2019年版『ダンス・オブ・ヴァンパイア』(以下「TdV」)の帝国劇城(TdVの場合はやはり「劇場」ではなくこの字ですね)初日を観てまいりました。

以下、Twitterの方にも書いたことの引き写しになりますが、感想です。

初日ということもあってか、キャストの皆様は全体的に手堅い感じで演じていらしたように感じられました。緊張ゆえでしょうか、サラとアルフのデュエット「初めてだから」では終わり近くで2人とも声がやや上ずっていたように聞こえました。

今回は舞台美術が全面的に見直し、とのことで、演出も変えられていました。その代わりダンスの振り付けの追加や大幅な変更はあまりなかったように見受けられます。

舞台美術の変更の例は、前半で主な舞台になるシャガールの宿屋のセット。以前は確か平屋建てだったと思いますが、何と3階建て(あるいはロフト付き2階建て)に変更されました。舞台上に高低差を作る演出は最近の帝劇的トレンドなのでしょうか。

また、1幕の伯爵とサラのお風呂場シーンにも大幅な変更が。私、従来の登場方法を13年前の初演で初めて見た時、辺り憚らず爆笑した覚えがありますが、今回は客席のあちこちで笑いが起きていました。うーん、あれは理屈に合わない……。

他にも教授のオペラ風ソロの場面などいくつか演出変更箇所があるので、劇城に行かれる方はチェックしてみてください。特に教授については4年前の前回公演よりも学究的でストイックなキャラクターになるとのことでしたが、その分演出上で傍若無人ぶり(KYとも言う)が強調されているなど、そこかしこに色づけが加えられています。

以下は役者さんの感想を初役の方を中心に簡単に。

相葉アルフ。現役アンジョルラスということで、お歌は上手くて歌声も力強いです。アルフレートとしては少しだけオツムと人生経験の足りない感じを軽妙に演じていましたが、個人の色が出るのはまだこれから、な感じです。

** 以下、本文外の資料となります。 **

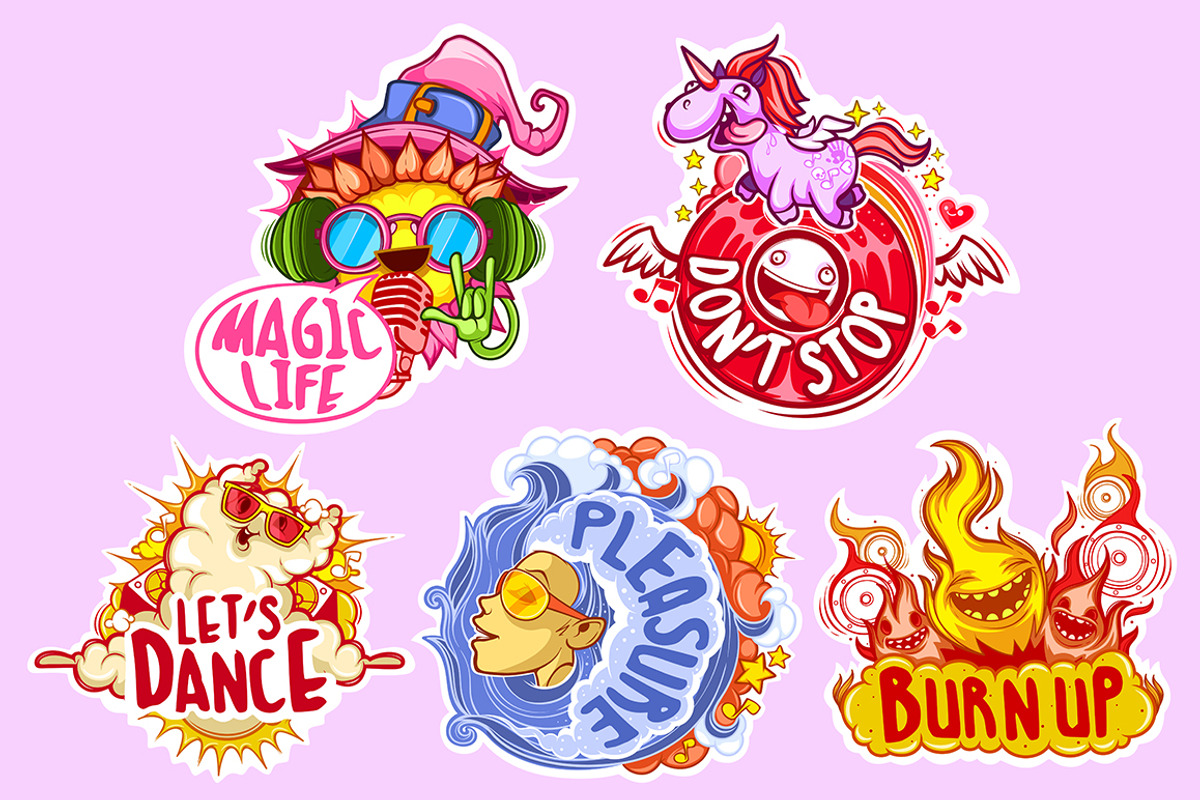 Set of five stickers for party, an Illustration by yuanden graphics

初代サラ、大塚千弘さんのマグダ。前半が実に小悪魔な感じで可愛らしくて、何ならいつでもサラに復帰してくれて良いのよ、と言いたくなるぐらいでしたが、後半では一変。恐らくサラとの違いを際立たせるためだと推測しますが、何もあそこまでホラーな佇まいにならなくても……。せめてエンディングやカテコでは可愛いマグダに戻って欲しいのになあ、と思いながら見ていました。

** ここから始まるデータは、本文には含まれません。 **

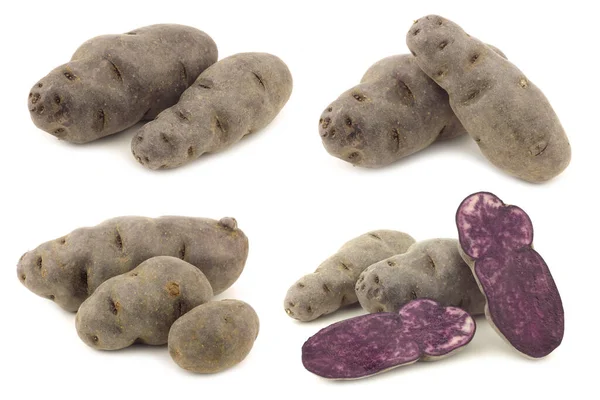 紫色松露土豆和白色背景的切碎的土豆 — 图库照片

植原ヘルベルト。お笑い要素よりもビジュアル系要素の強いヘルちゃんは久しぶりになります。初演の吉野圭吾さんは最早レジェンドなので別格ですが、植原ヘルも見た目をかなり妖艶に作り込んでいて、すらりと美しかったです。

そして。4年ぶりの再会となった山口伯爵!

伯爵は実に華麗でなまめかしく、歌声の張りも抜群でした。13年前の初演時から、再演を重ねるごとに若返り、美しさが増しているようにお見受けします。

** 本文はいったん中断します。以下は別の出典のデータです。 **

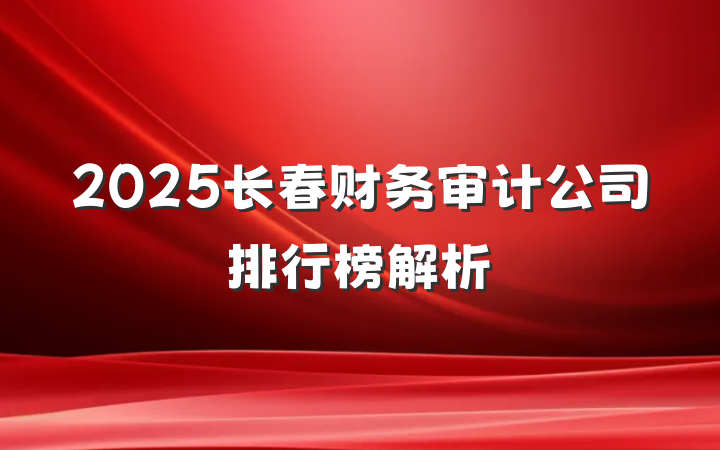 2025长春财务审计公司排行榜解析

また、「抑えがたき欲望」での、森山影伯爵のダンスとのシンクロが、今までになく素晴らしかったと思います。この場面ではもちろん、山口伯爵と森山影伯爵は互いにアクションを交わし合うわけではないので、「息の合った演技」という言い方が適切なのかは分かりませんが、まさに2人が一体となって、クロロック伯爵という異形の者の複雑な内面世界を舞台上に見事に体現していました。

森山影伯爵をはじめとするダンサーズの振り付け等には大きい変更なし、と書きましたが、文字通りヴァンパイアたちのダンスがTdVの世界観の重要な一翼を担っていて、前回公演までの積み重ねでダンスはある程度完成されているのであえていじる必要もない、ということなのかも知れません。

しかし、カーテンコールでの客席用振り付けは、多分毎回見直しが加えられています。事前に公式動画でも拡散された振り付けは今回も、客席側での真似のしやすさと、長時間の観劇で固まった身体を動かすことの心地よさとを両立させたものになっており、存分に楽しむことができました。このために、動画でも使われていた真っ赤なハンカチを手作りして(布地を切って糊で貼っただけですが)持参した甲斐がありました!

次回の観劇は9日昼の予定。サラと影伯爵は今回と一緒で、アルフレートだけが異なります。東さんはほかの演目も含めて全く初見なので楽しみにしています。

初日前から休演者が出ているハードな演目ですが、どうぞカンパニーの皆さまが帝劇千穐楽、そして地方公演を経て1月の大阪大千穐楽まで無事に完走されますよう、お祈り申し上げております。